Yes — AUSTRAC's regulatory framework applies to the nature of the service provided, not to the formality of the business structure through which it is provided. Informal or community-based remittance services — including hawala, community-based transfer networks, and informal value transfer arrangements operated through personal accounts — that meet the definition of a designated remittance service under the AML/CTF Act require AUSTRAC enrolment regardless of their operating model. AUSTRAC has historically devoted significant enforcement attention to informal remittance networks because they present elevated ML/TF risk due to the absence of formal compliance controls. The regulator has established relationships with community organisations and financial institutions specifically to identify and engage with informal operators, and enforcement action against informal networks has included both civil penalties and criminal prosecution.
AUSTRAC enrolment itself — the registration step — can be completed relatively quickly through the AUSTRAC Online portal, typically within a few days for a straightforward business structure. However, enrolment is only the first step in the compliance journey, not the last. Before commencing operations, an AML/CTF programme must be developed and implemented, KYC systems must be operational, transaction monitoring must be configured and active, and IFTI and TTR reporting workflows must be ready to file from the first transaction. Depending on whether the operator is building this infrastructure from scratch or using a specialist remittance platform that provides compliance infrastructure, the full pre-launch compliance setup typically takes between two and six months. Businesses that use a purpose-built compliance and payments platform can reduce this timeline significantly by leveraging pre-built reporting, monitoring, and KYC infrastructure rather than building each component independently.
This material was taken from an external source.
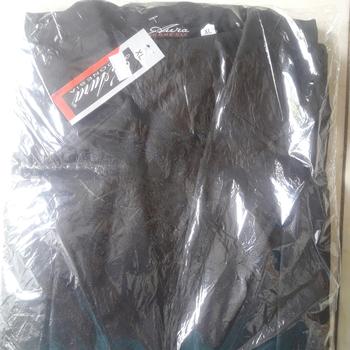 Product Review of Jas Blazer Wanita Jas Kerja Kantor Cewe Polos Dewasa Anak Jaket Blezer Cewek Pakaian Formal Kantoran Dasar Hitam Abu  Bahan Panjang Kancing Jumbo Big Size Cardigan Rompi Outer Perempuan  Ootd Korean Style Seragam Slimfit from Tokopedia customer review 2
Yes — the AML/CTF Act obligation attaches to the provision of a designated service in Australia or to Australian customers, not to the jurisdiction of incorporation of the operator. A foreign-incorporated company providing remittance services to customers in Australia, or facilitating transfers that involve Australia as a sending or receiving jurisdiction, is required to enrol with AUSTRAC as a reporting entity regardless of where the company is registered. The obligation also requires appointing an Australian-based contact officer for compliance correspondence, maintaining records that are accessible to AUSTRAC within Australia, and ensuring that the AML/CTF programme addresses the specific risks of operating in the Australian market. Non-Australian operators who believe they can serve Australian customers from offshore without regulatory obligations in Australia are mistaken — AUSTRAC's jurisdictional reach extends to any business providing designated services to Australian customers or involving Australian funds flows.